Not over a decade ago, the general public was obsessed with the dystopian future. There were automated humans, robots with human intelligence, flying cars, underwater houses and what not. All of this seemed a part of our ‘future’. And media played it to the t, giving us Terminator, Robocop, and much more.
Its 2017 and it seems like we are heading towards that vision as robots have started popping into our everyday lives. But with the change in our surroundings, much things need to be put into consideration, whether Robots host artificial human intelligence and questions of morality being at the top.
A robot security guard at DC Mall is what brought the age old debate into focus again as it decided to drive into the mall fountain and drown itself.
Bilal Farooqui tweeted;
“Our D.C. office building got a security robot. It drowned itself.
We were promised flying cars, instead we got suicidal robots.”
Knightscope K5 is a security robot made to detect the presence of potential criminals in its vicinity using facial recognition. Built by a Mountain View robotics startup company after driving inspiration from Sandy Hook Elementary School shooting incident.
The 5 ft. 136 Kgs K5 became center of attention when a 41 years old man pushed the robot over while it was patrolling the parking lot. Then the alleged report of the K5 rolling over a toddler surfaced and the company apologized profusely for the damage, dubbing it as a “freakish accident”.
Even though K5 has suicidal tendencies and has a tendency to harm others, it has proven to be economical and useful, especially for patrolling public places like parking lots and malls. Uber at also employs the K5 for some of its parking lots.

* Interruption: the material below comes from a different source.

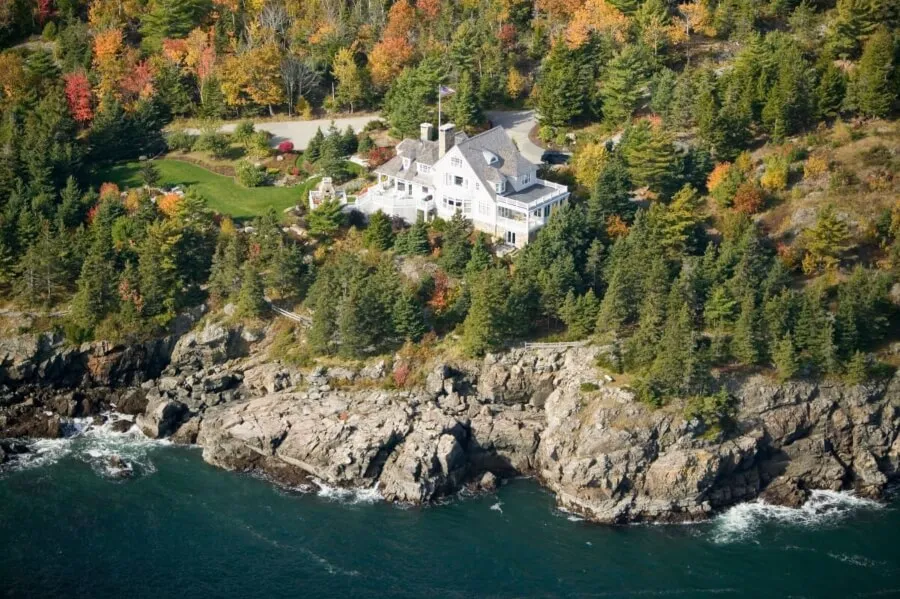 Aerial view of ocean-front home at Acadia National Park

The rental prices for K5 begin for as low as 7$ per hour, way less than what is federal minimum wage and thus the robot is way cheaper than what it would take to hire an actual person to patrol. There is also safety of human life casualty and theft.

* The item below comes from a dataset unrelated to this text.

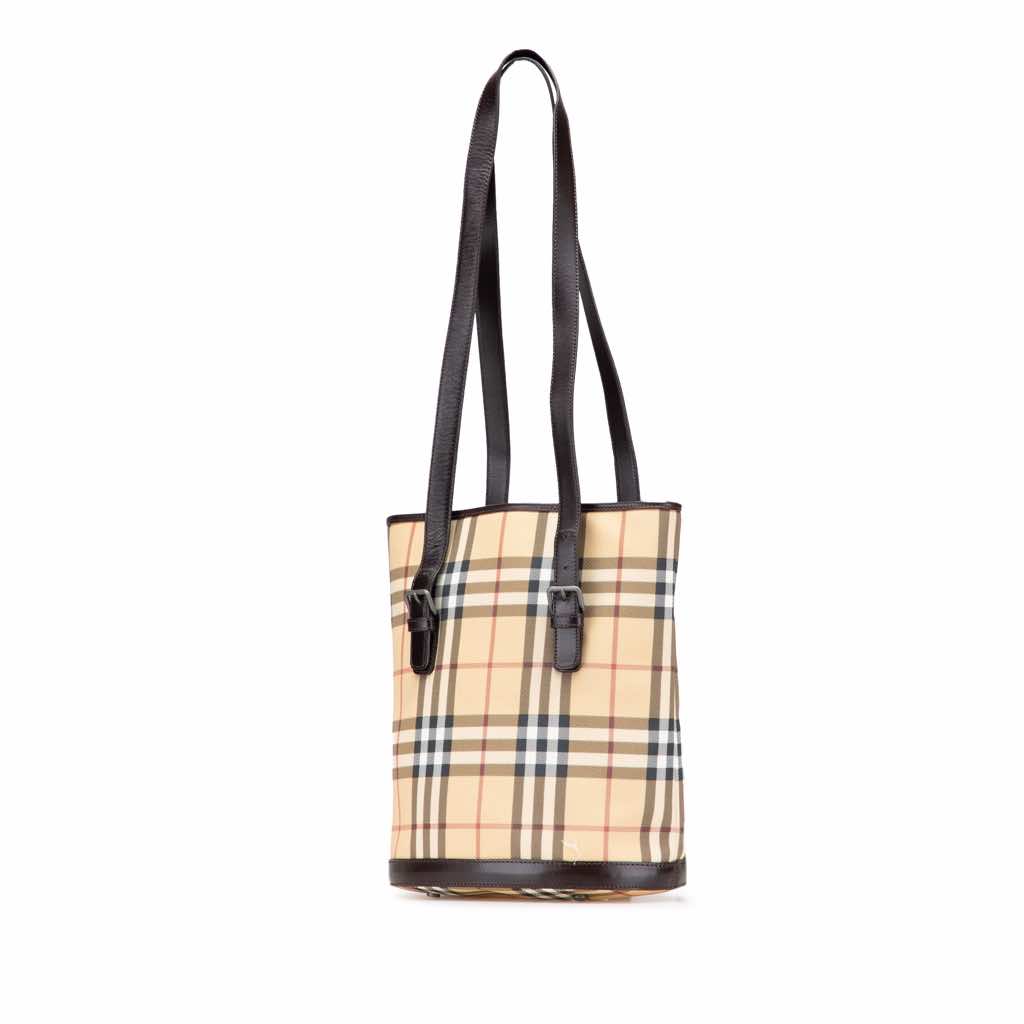 Burberry House Check Coated Canvas Bucket Bag - Back view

The suicide incident, however, has caused quite a lot of fuss in the world, let’s wait and see how the company does damage control for its reputation and K5’s credibility.
Another person, Greg Pinelo tweeted an image of the Drowned robot with the caption:
“It’s a fun day here at @gmmb. The super high-tech security robot at our office complex has had a mishap.” .
Jeremie Scott, a National Security fellow at Electronic Privacy Information Cell (EPIC) had to say;
“Automated surveillance, facial recognition and license plate recognition in public makes us all suspects. The K5 could become like a cuter, less aggressive Terminator that kills privacy instead of people.”